Wie aber soll dieser Sprung von 1,6 auf 100 gelingen, ohne eine Vertiefung, statt der Aufkündigung der Zusammenarbeit aller Völker? Wie soll diese gigantische Elektrifizierung der Welt unter der Drohung von kriegerischen Taten gegen die empfindlichen Netze gelingen? Der Krieg ist die eine drohende Katastrophe, die wir abwenden müssen und werden – um unserer Kinder und Enkelkinder willen. Statt aber auf Kooperation im globalen Maßstab zu setzen, marschiert die Nato weiter an den Grenzen der russischen Föderation und mit ihren Schiffen im chinesischen Meer auf, jagt ihre Rüstungshaushalte auf Kosten der Menschen in ihren eigenen Ländern in die Höhe und faselt von chinesischen »Überkapazitäten« in der Solarindustrie, die es mit allen Mitteln zu bekämpfen gelte, statt die weltweite Bewegung zur Elektrifizierung unserer energetischen Basis gemeinsam mit allen Völkern dieser Welt zu forcieren.
Im September 1917 schrieb der schon erwähnte Lenin seine flammende Schrift mit dem Titel »Die drohende Katastrophe und wie man sie bekämpfen soll«. Am Anfang desselben Jahres saß er noch in Zürich im Exil und teilte mit vielen Gleichgesinnten die bange Frage, ob denn das Versinken der Welt in Blut und Chaos überhaupt noch zu verhindern sei.
Alle gebildeten Menschen dieser Welt – also solche, die sich mit Hegel, Marx und Lenin befasst haben – wissen um diese Geschichte und damit darum, wie dicht häufig die scheinbare Ausweglosigkeit der Lage an einem Ausbruch aus dieser Sackgasse liegt.

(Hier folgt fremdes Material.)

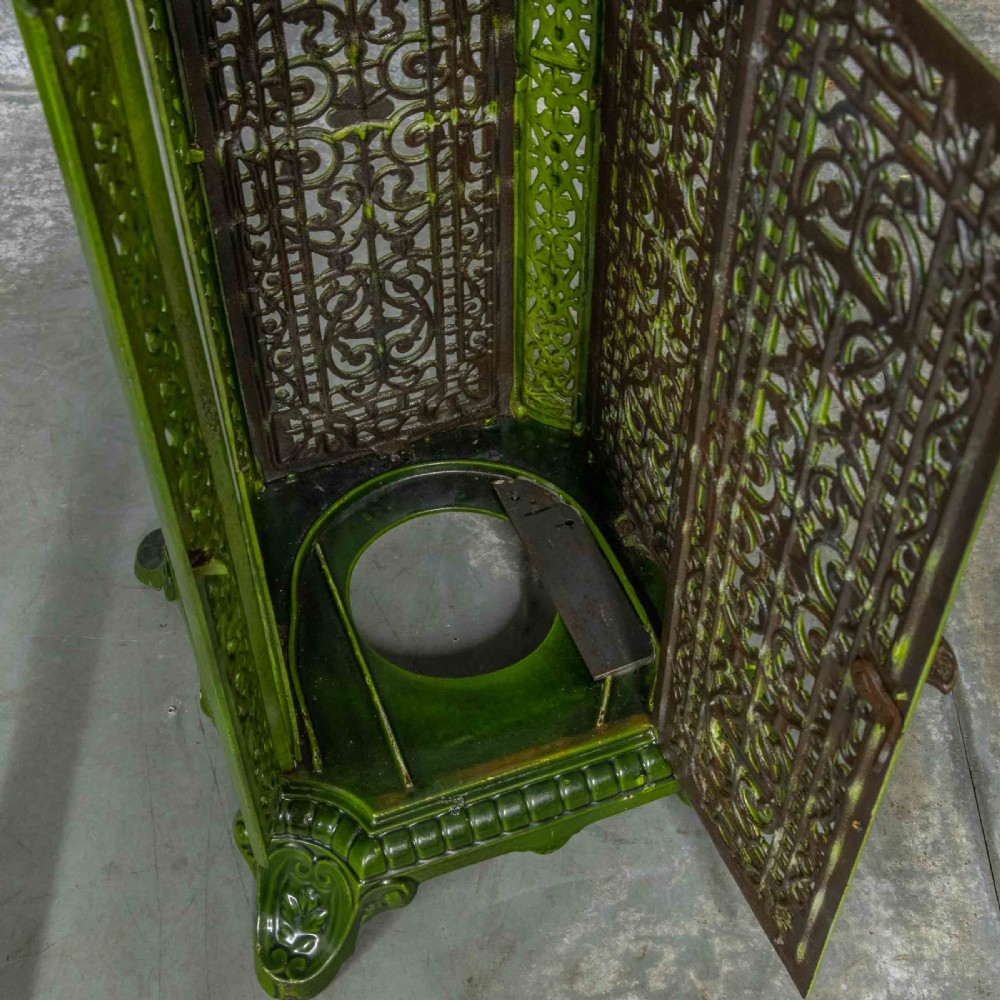 A tall rectangular green enamelled cast iron stove with elaborate openwork pierced filigree patterning and scrolled feet. View XVI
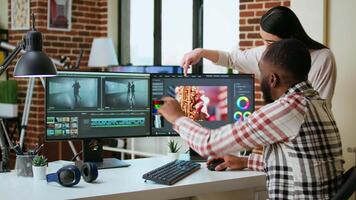 Diverse mixed race couple working as a team for a freelance shoot, editing and mixing clips in post production using modern software. Multiethnic people do remote work. Camera A. video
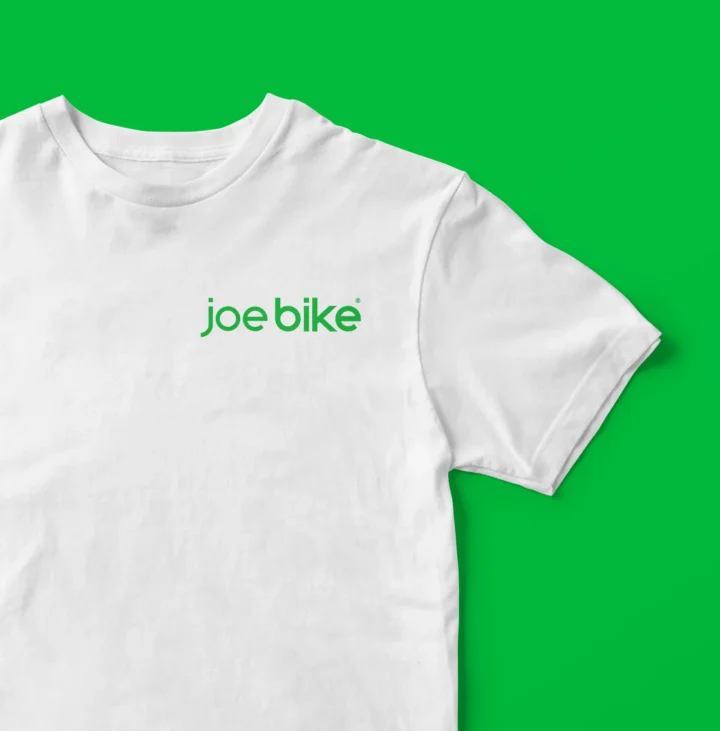 White Joe Bike T-shirt on a green background.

Angelehnt an diese Schrift Lenins könnte eine heutige Schrift den Titel tragen »Die drohende Doppelkatastrophe und wie man sie bekämpfen soll«. Denn vor einer drohenden Doppelkatastrophe stehen wir heute.
Die eine Katastrophe ist der drohende dritte Weltkrieg. Seine Hauptursache ist die dumpfe Ahnung der unter Führung der USA in der Nato zusammengeschlossenen imperialistischen Länder, dass sie die Möglichkeit, die Welt nach ihren Vorstellungen zu beherrschen, auf Dauer verlieren, wenn sie das gegenwärtige Erstarken des globalen Südens unter der Führung der in den BRICS-Staaten zusammengeschlossenen Milliardenmassen zulassen. Nehmen wir an, es gelänge, den großen Krieg abzuwenden. Dann lauert auf uns gleich der zweite Höllenhund aus dem Andersen-Märchen »Das Feuerzeug«: die Klimakatastrophe.
Die Abwendung beider Katastrophen wird nur gelingen im Kampf gegen den sich im Niedergang befindlichen USA/Nato/EU-Block. Für diejenigen, die in dieser bluttriefenden Festung leben und wirken, mag sich dieser Niedergang wie das Herannahen des jüngsten Tages anfühlen. Aus der Sicht des aufstrebenden globalen Südens, wo man den Geschmack von der Vollendung des antikolonialen Befreiungskampfes auf der Zunge spürt, ist das nicht so. Mehr noch: Wie schon 1917 könnte die List der Geschichte darin bestehen, dass scheinbare Ausweglosigkeit und der sozialistische Ausweg aus der Sackgasse in einer Weise zusammenrücken, den selbst der kluge Lenin damals zwar als einer der ersten, aber doch erst im April 1917 erkannte, als er die Losung ausgab, jetzt die sozialistische Revolution auf die Fahnen zu schreiben. Wir sind noch nicht an einem solchen Punkt, aber wir nähern uns ihm an.